Please print out the entries below unchanged and skip the images.

The data —
************

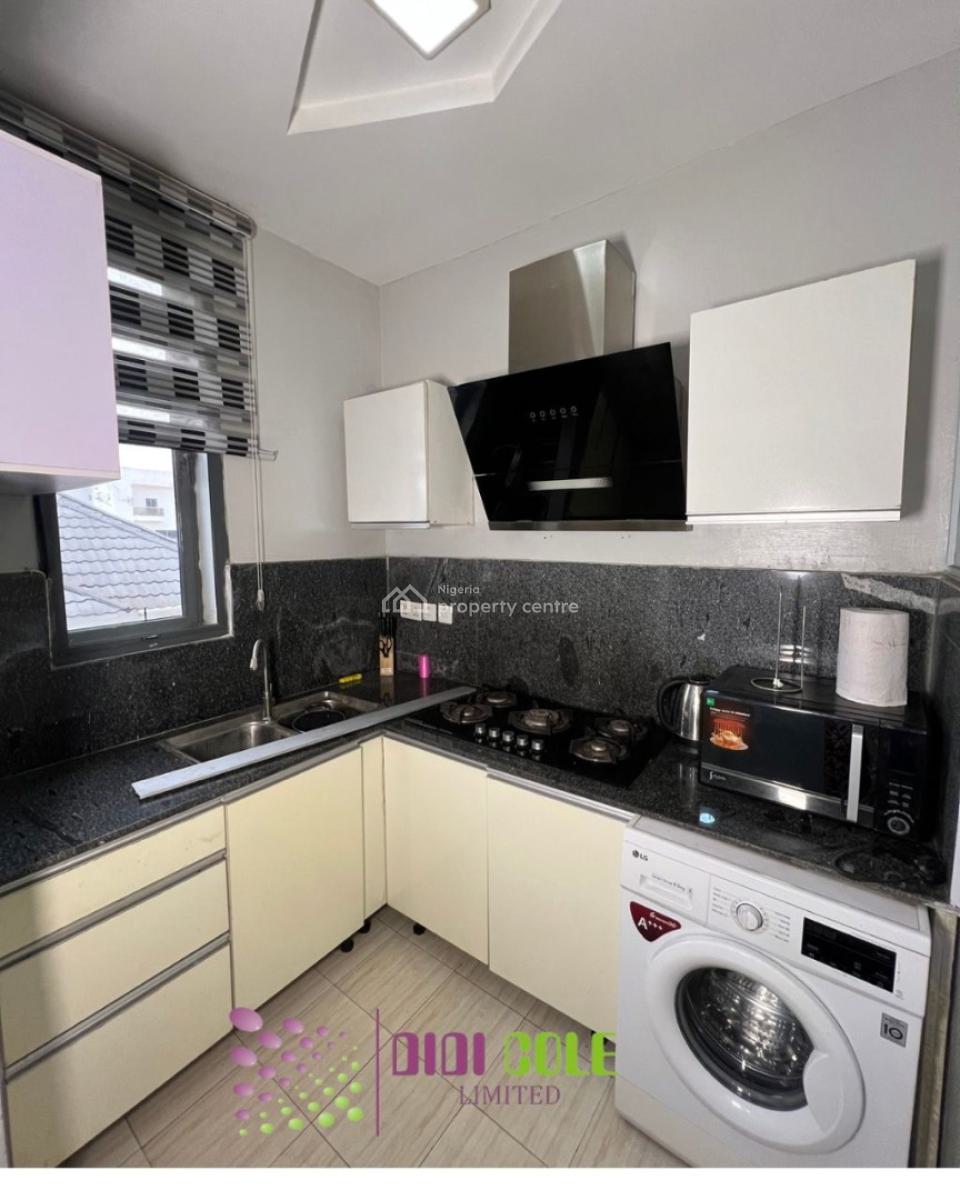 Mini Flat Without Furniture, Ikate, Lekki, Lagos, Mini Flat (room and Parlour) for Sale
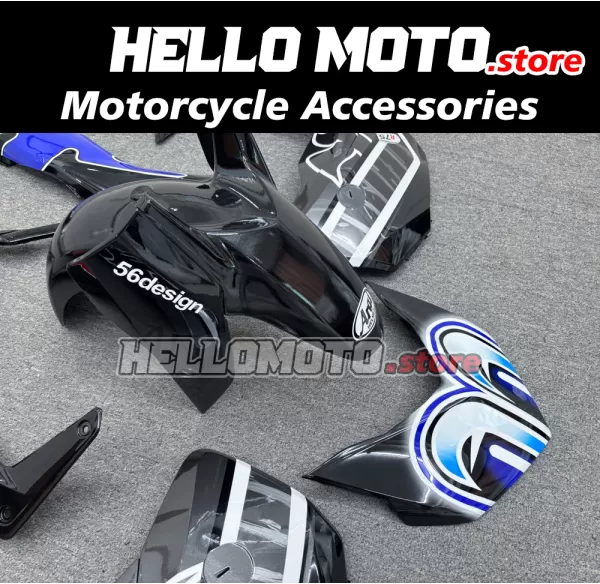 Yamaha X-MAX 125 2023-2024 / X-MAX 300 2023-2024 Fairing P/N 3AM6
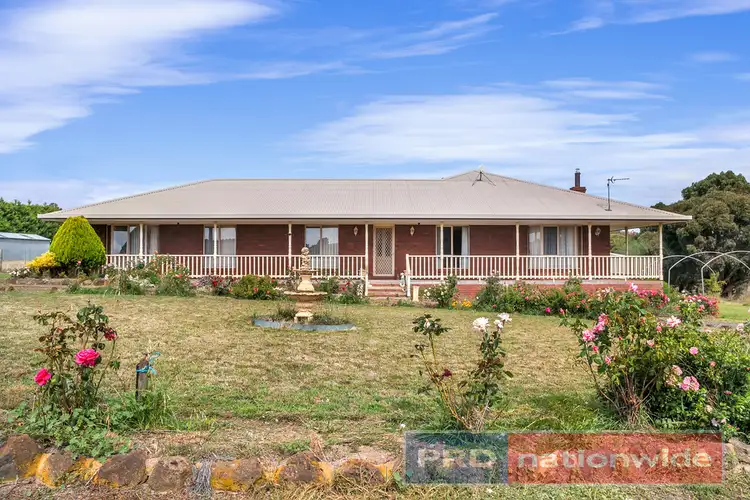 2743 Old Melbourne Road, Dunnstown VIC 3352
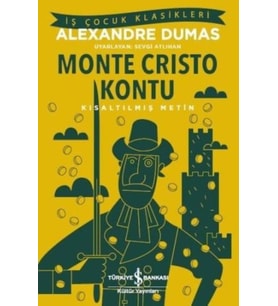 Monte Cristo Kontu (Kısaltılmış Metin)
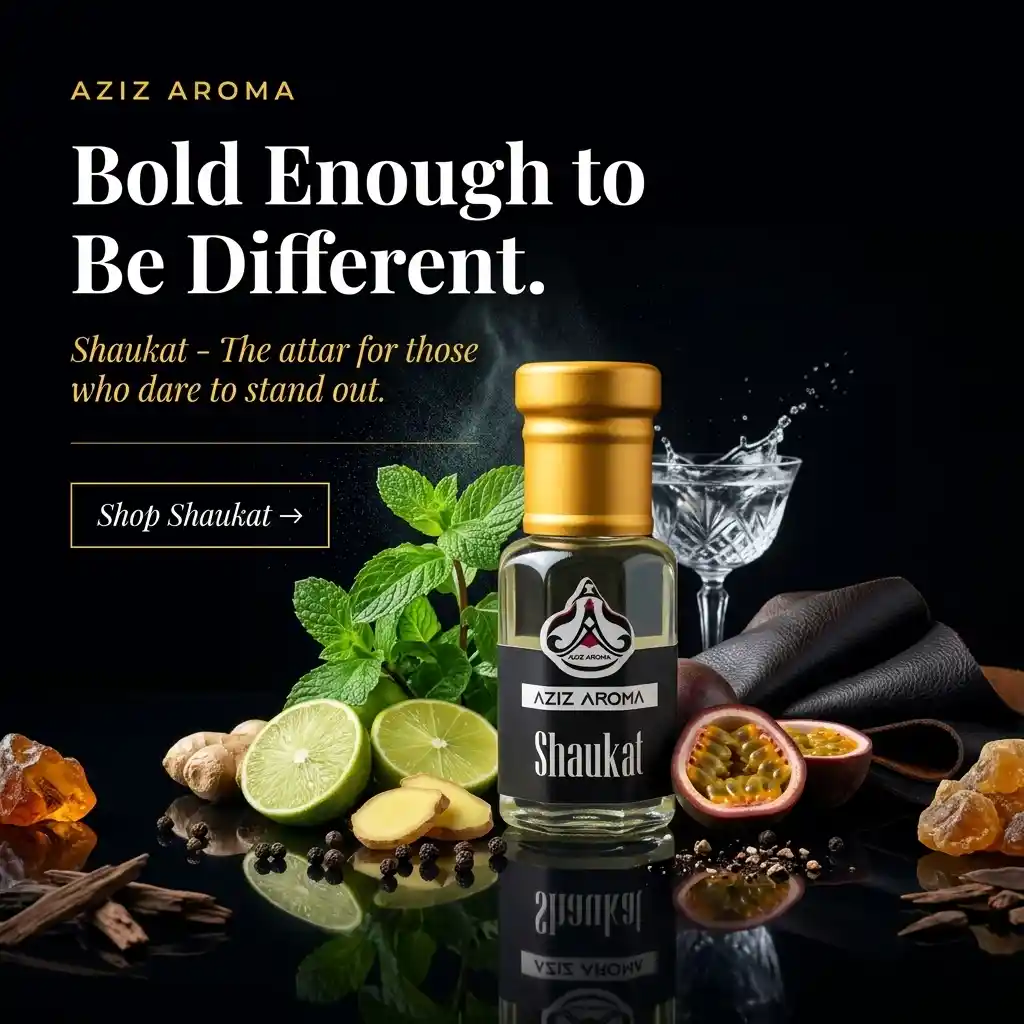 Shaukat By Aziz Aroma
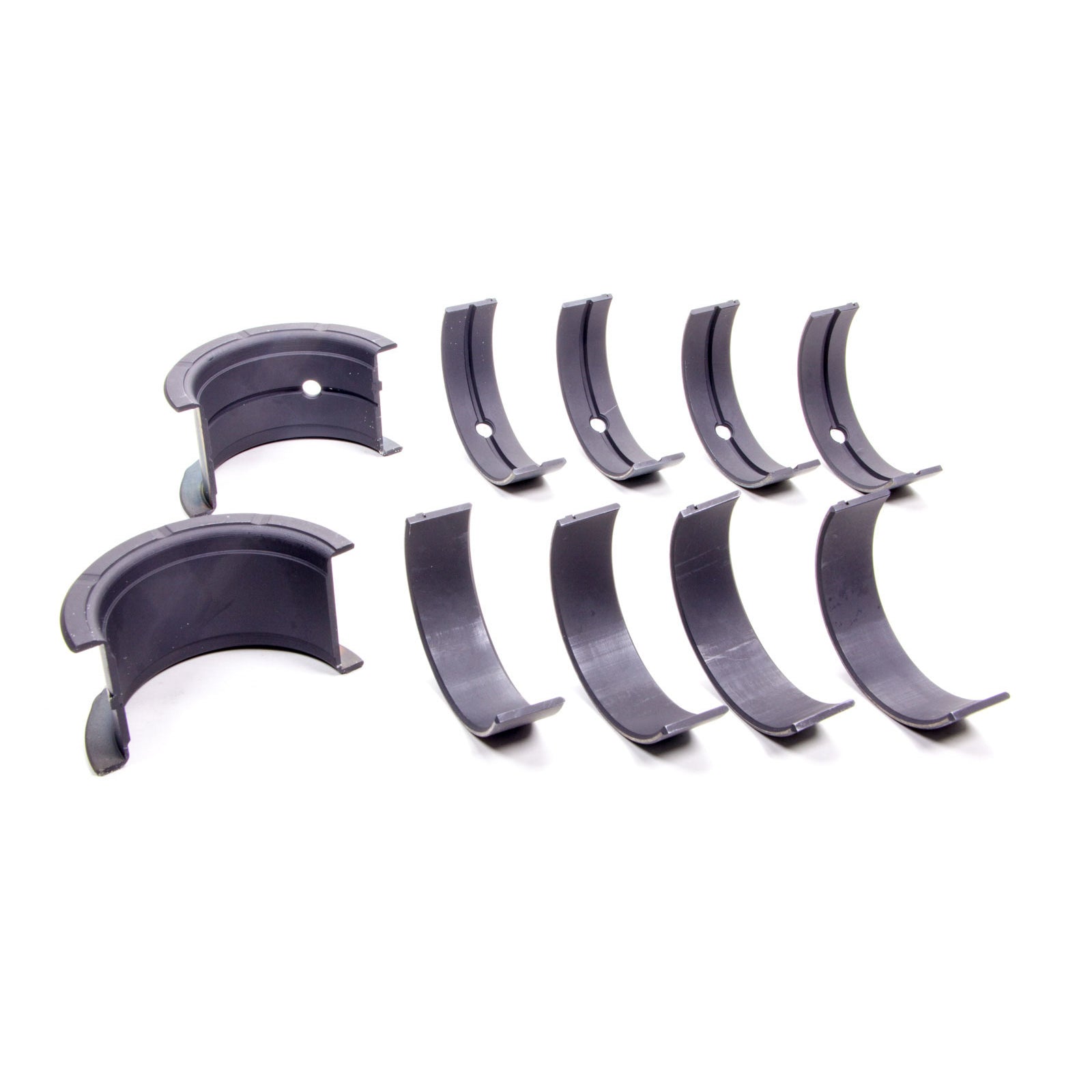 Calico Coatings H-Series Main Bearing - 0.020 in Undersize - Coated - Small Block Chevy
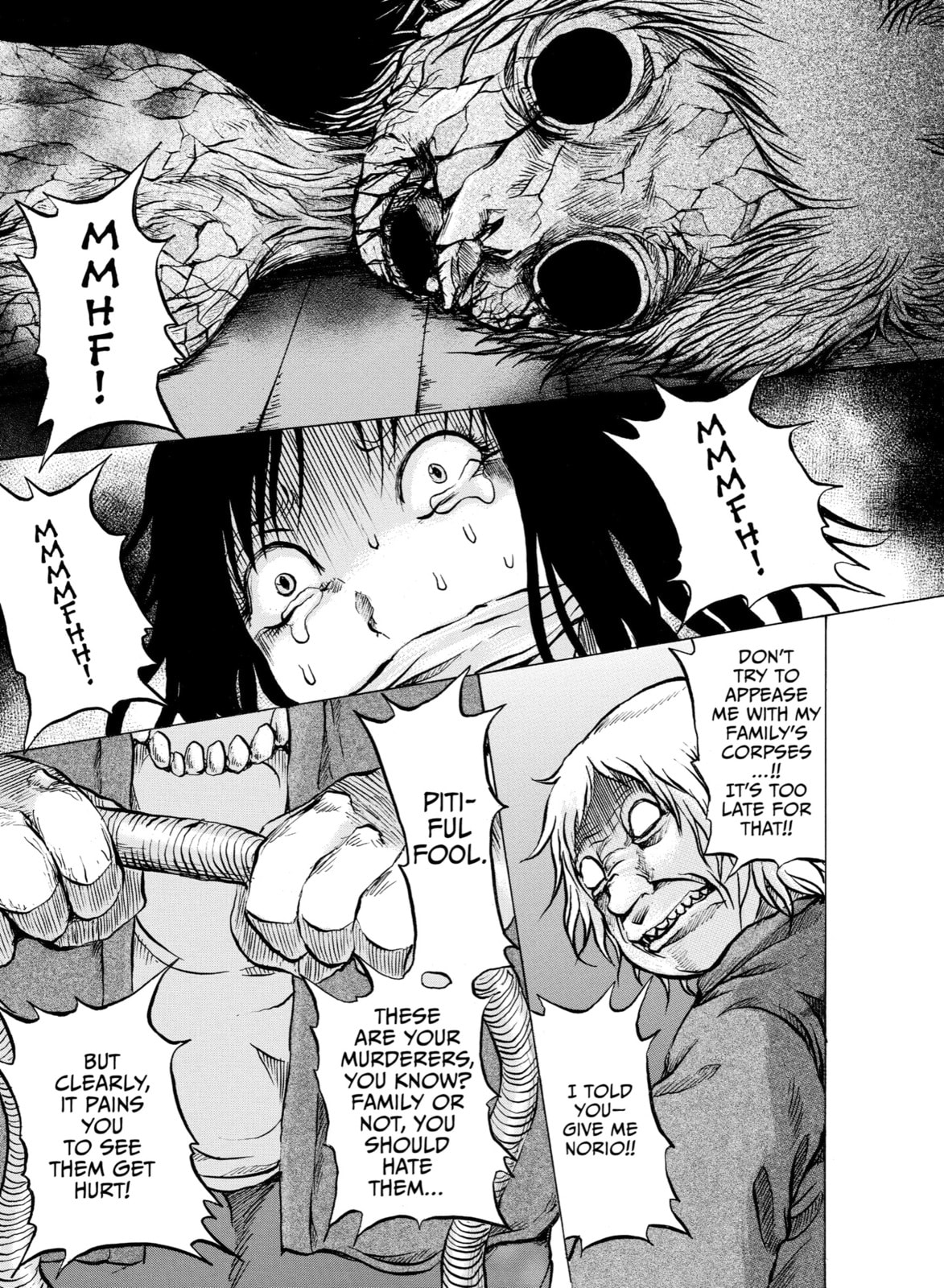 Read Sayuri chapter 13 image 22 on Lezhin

************

Task answer —
 Mini Flat Without Furniture, Ikate, Lekki, Lagos, Mini Flat (room and Parlour) for Sale
 Yamaha X-MAX 125 2023-2024 / X-MAX 300 2023-2024 Fairing P/N 3AM6
 2743 Old Melbourne Road, Dunnstown VIC 3352
 Monte Cristo Kontu (Kısaltılmış Metin)
 Shaukat By Aziz Aroma
 Calico Coatings H-Series Main Bearing - 0.020 in Undersize - Coated - Small Block Chevy
 Read Sayuri chapter 13 image 22 on Lezhin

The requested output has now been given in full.